Jacob seufzte ergeben. Ihm blieb nichts anderes übrig als zu hoffen, daß Li Fu kein Angeber war.

Die vier zurückgebliebenen Chinesen und der Deutsche duckten sich in den Schatten eines Geräteschuppens und starrten zu dem Vorbau hinüber. Sie sahen drei Gestalten.

Die beiden Wächter standen eng beieinander unter dem schräg abflachenden Dach. Beide rauchten jetzt. Zwei glühende Punkte schwebten in Kopfhöhe und tanzten kurz, wenn einer der Männer eine heftige Bewegung machte.

Die dritte Gestalt war Wei Chou. Fünfzehn Yards von den beiden entfernt ging er in die Knie.

Die Beobachter sahen ihn nur von hinten. Jacob stellte sich vor, wie er die Armbrust spannte und anlegte.

Da hörte er auch schon ein leises Sirren, durch den Regen kaum wahrnehmbar. Ein schnell erstickendes Röcheln folgte, einer der glühenden Punkte fiel zu Boden, dann ein dumpfer Aufschlag. Er war noch nicht verklungen, als sich das Ganze wiederholte.

»Weiter!« zischte Li Fu.

Täuschte sich Jacob, oder warf ihm der Chinese einen triumphierenden Blick zu?
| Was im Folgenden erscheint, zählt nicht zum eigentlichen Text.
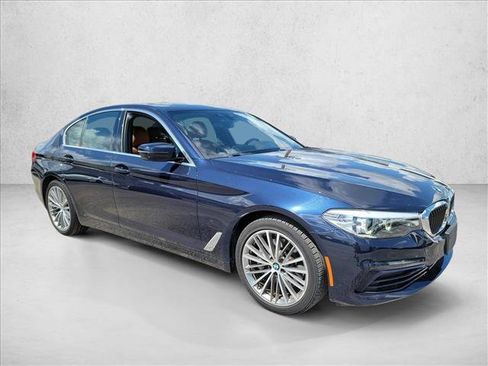 Used 2020 BMW 530i xDrive AWD/4WD image 3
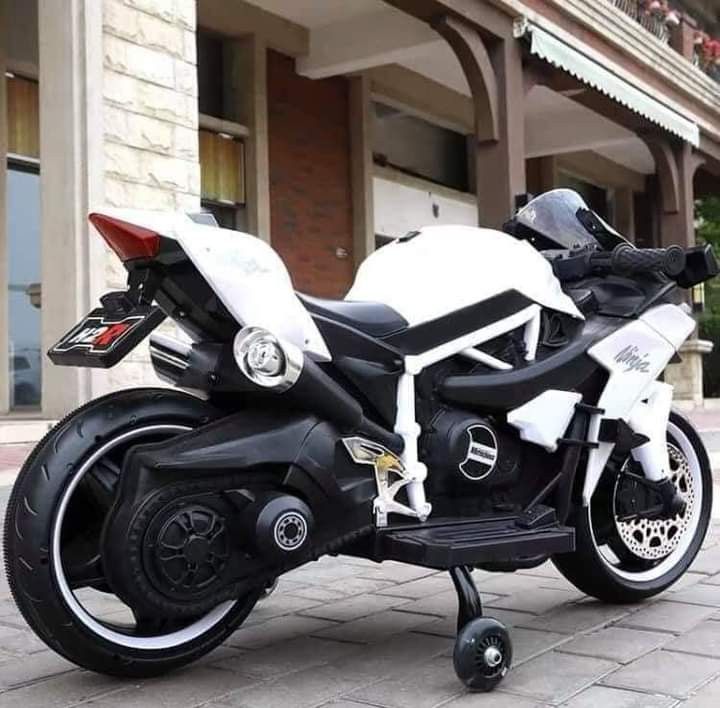 ninja motor (Category: Motorbikes for Sale) located in Manila. Submitted by minidivisoria (Listing ID 1324371258, Image 2). Description: H2R NINJA motor ( hand driven ) 5000 Rubber tires leather seats W/usb /mp3 / 1-7/0 Balck red, white blue , pink 5color.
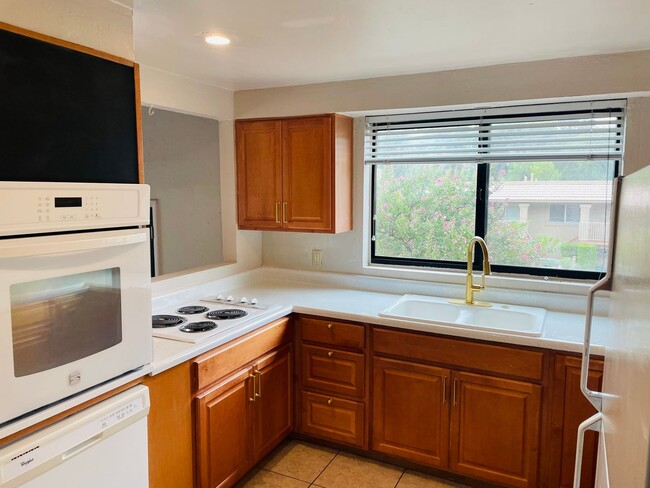 Building Photo - 50 Chaparral Dr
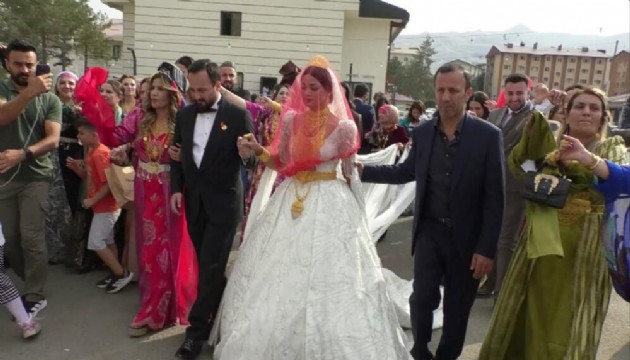 AK Partili isme aşiret düğünü!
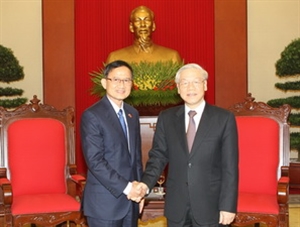 คณะผู้แทนพรรคเพื่อไทยเยือนเวียดนาม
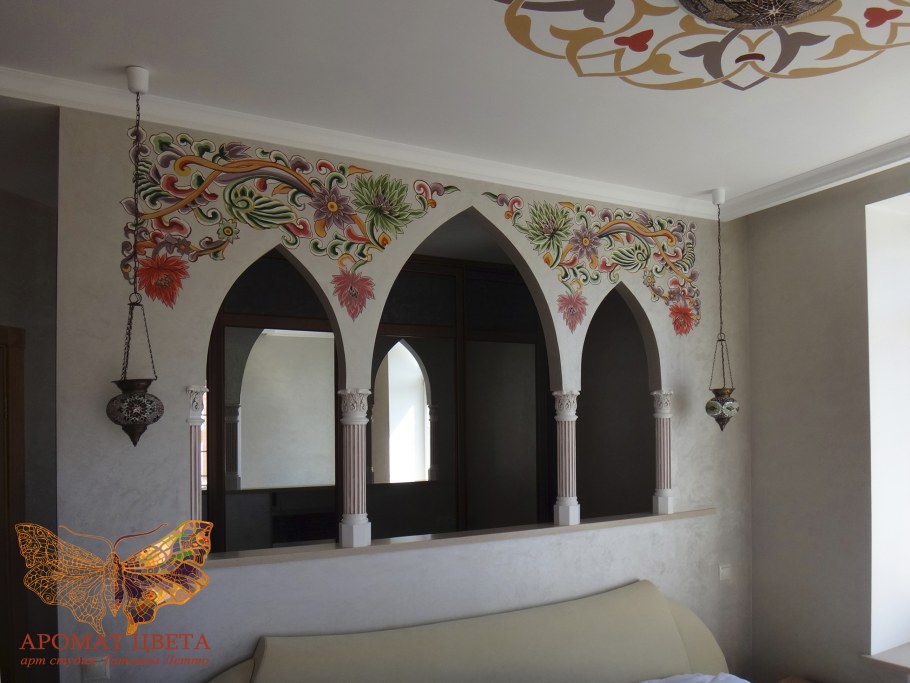 Арабская роспись на стенах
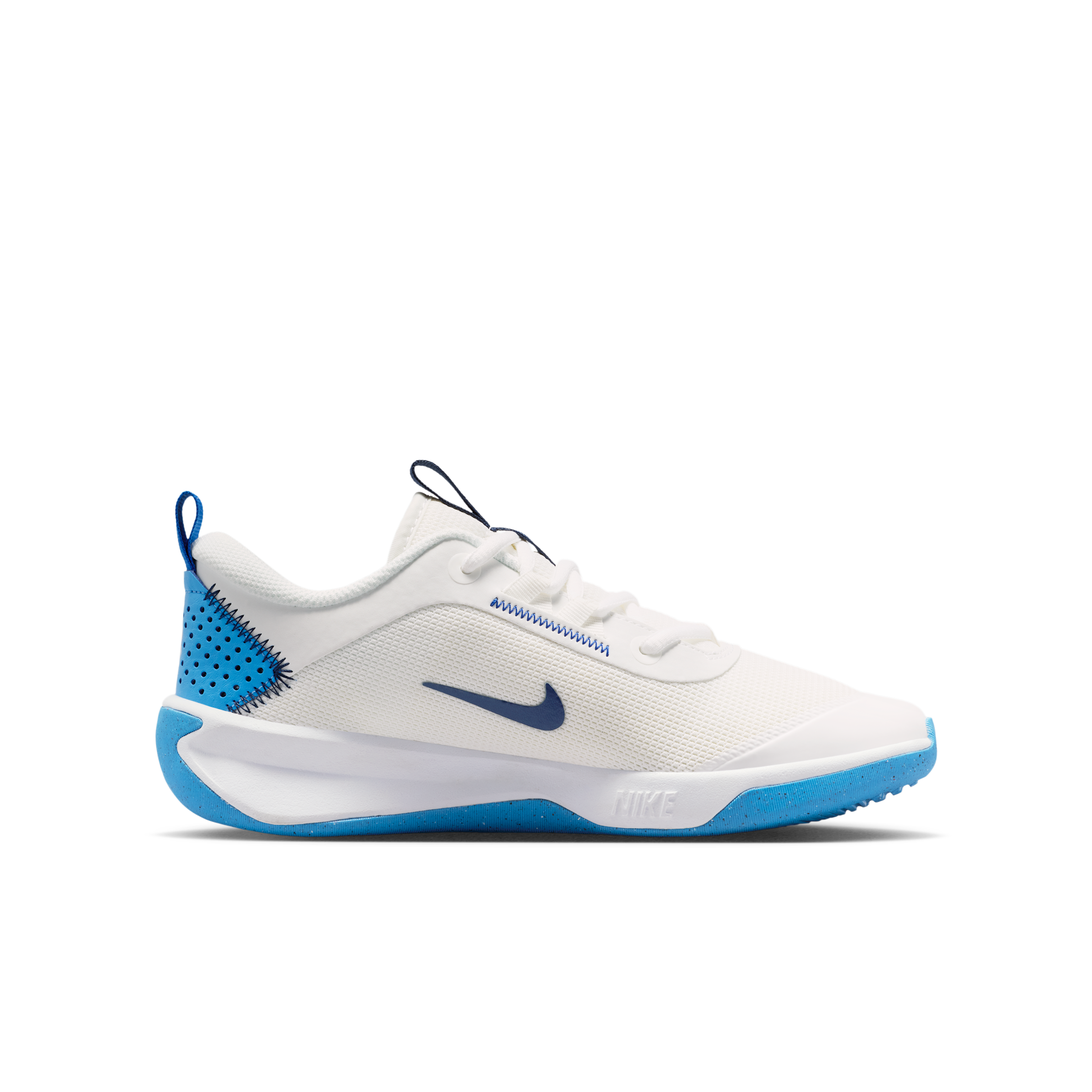 Nike Omni Multi-Court-sko til større børn (indendørs/bane) - hvid - DM9027-108
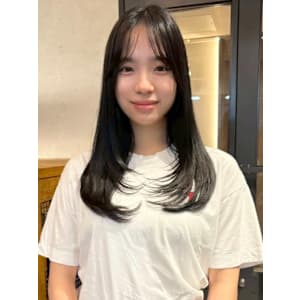 髪質改善 透明感カラー アッシュ ロングレイヤー 20代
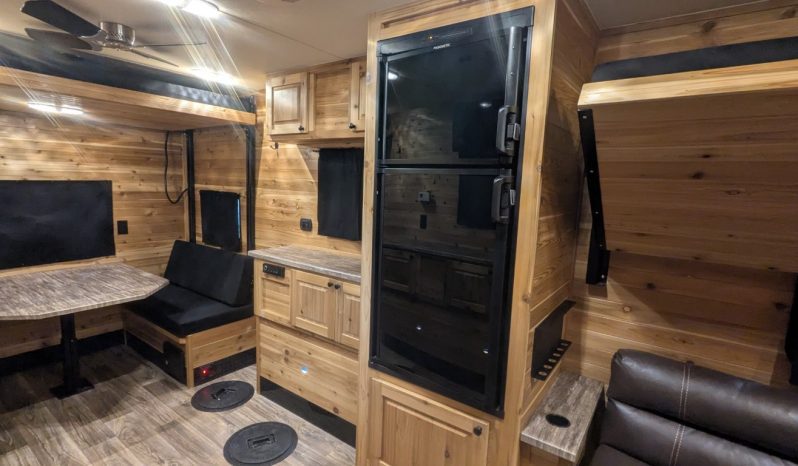 2019 Glacier Explorer RV 20 Fish House full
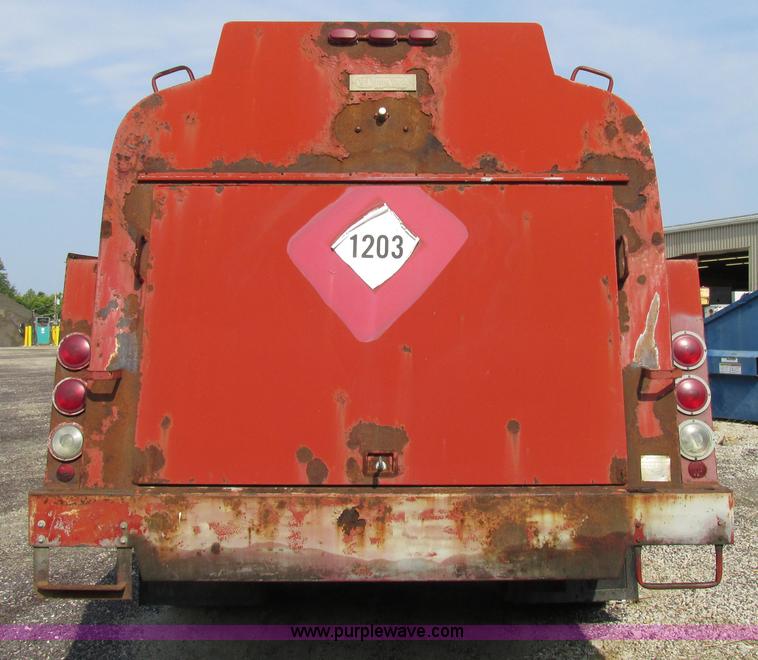 image for item AW9939 1997 International 4700 fuel truck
Als sie zu dem Vordach kamen, kniete Wei Chou schon neben den Wächtern. Er hatte die abgeschossenen Bolzen wieder an sich genommen.

Jetzt hielt er ein Messer mit blutiger Klinge in der Hand. Er hatte beiden Männern die Kehle durchgeschnitten.

»Die verraten uns nicht mehr«, sagte er mit grimmiger Befriedigung.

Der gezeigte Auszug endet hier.